At Limelight, we’ve been talking a lot about storytelling as a way to get above that noise. There’s no doubt that it provides a way to differentiate from competitors. Only what happens when everyone starts to tell stories? Will it be a new sort of noise? The answer isn’t black and white. It will take a long time, if ever, for storytelling to completely replace traditional broadcast-advertising. Yet there is definitely a factor of everyone doing the same thing. Again.
So with that, how else can you use digital marketing to get yourself noticed? What, if anything, can you do to make your storytelling more impactful and resonant better with prospective customers? We’ve put together a few ideas below.
Be Quick. Be Creative. Be Timely.
The 2013 Superbowl provided a great example of a brand, Oreo, taking advantage of a situation in real-time. During the Superbowl, shortly after the teams returned from the half-time intermission, the lights went out in the stadium. For over 30 minutes players milled around, announcers yapped, pontificators pontificated. For the most part, brands waited. Not Oreo. They took advantage of the situation to tie their Superbowl ad storyline into the power outage:
The result was a phenomenal social media response (as indicated by the retweets and favorites).
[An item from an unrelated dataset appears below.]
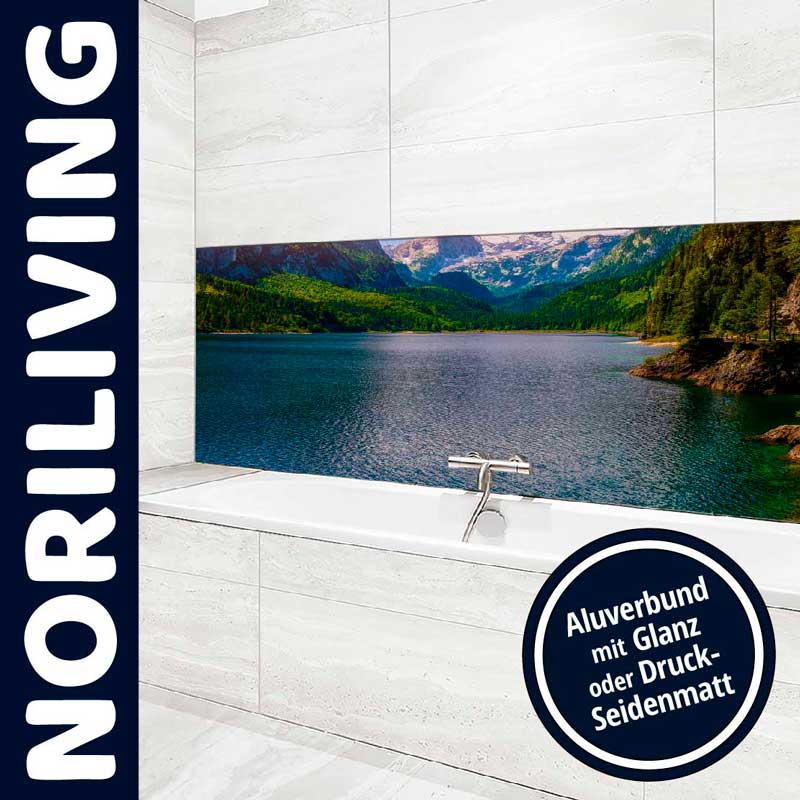 Moderne Badezimmergestaltung mit Landschaftsbild auf Aluverbundplatte Badezimmer mit einer Aluverbund-Wandverkleidung, die eine malerische Landschaft mit See und Bergen zeigt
What it demonstrated was Oreo using digital marketing tools (in this case, Twitter) to expand the emotional connection with their story. And what did it take but putting some text on a picture (that probably already existed), doing a little photoshopping, and tweeting the pic?
The issue with most digital storytelling is that it’s still marketing-campaign driven. Marketer comes up with campaign idea. Story is created. Assets are developed (words, videos, images, etc.). Campaign is launched and measured. The problem with that is that once the campaign is done, most marketers ditch the story. What happens then to any emotional connection that is created between audience and story? Well, unless that audience is converted to customers, the connection is pretty much lost. That’s the problem. Most marketers see storytelling as simply the new “digital marketing campaign approach.” That’s wrong. Emotional connection is not a factor to exploit. Not if you really want to drive the relationships that will help you get above the noise.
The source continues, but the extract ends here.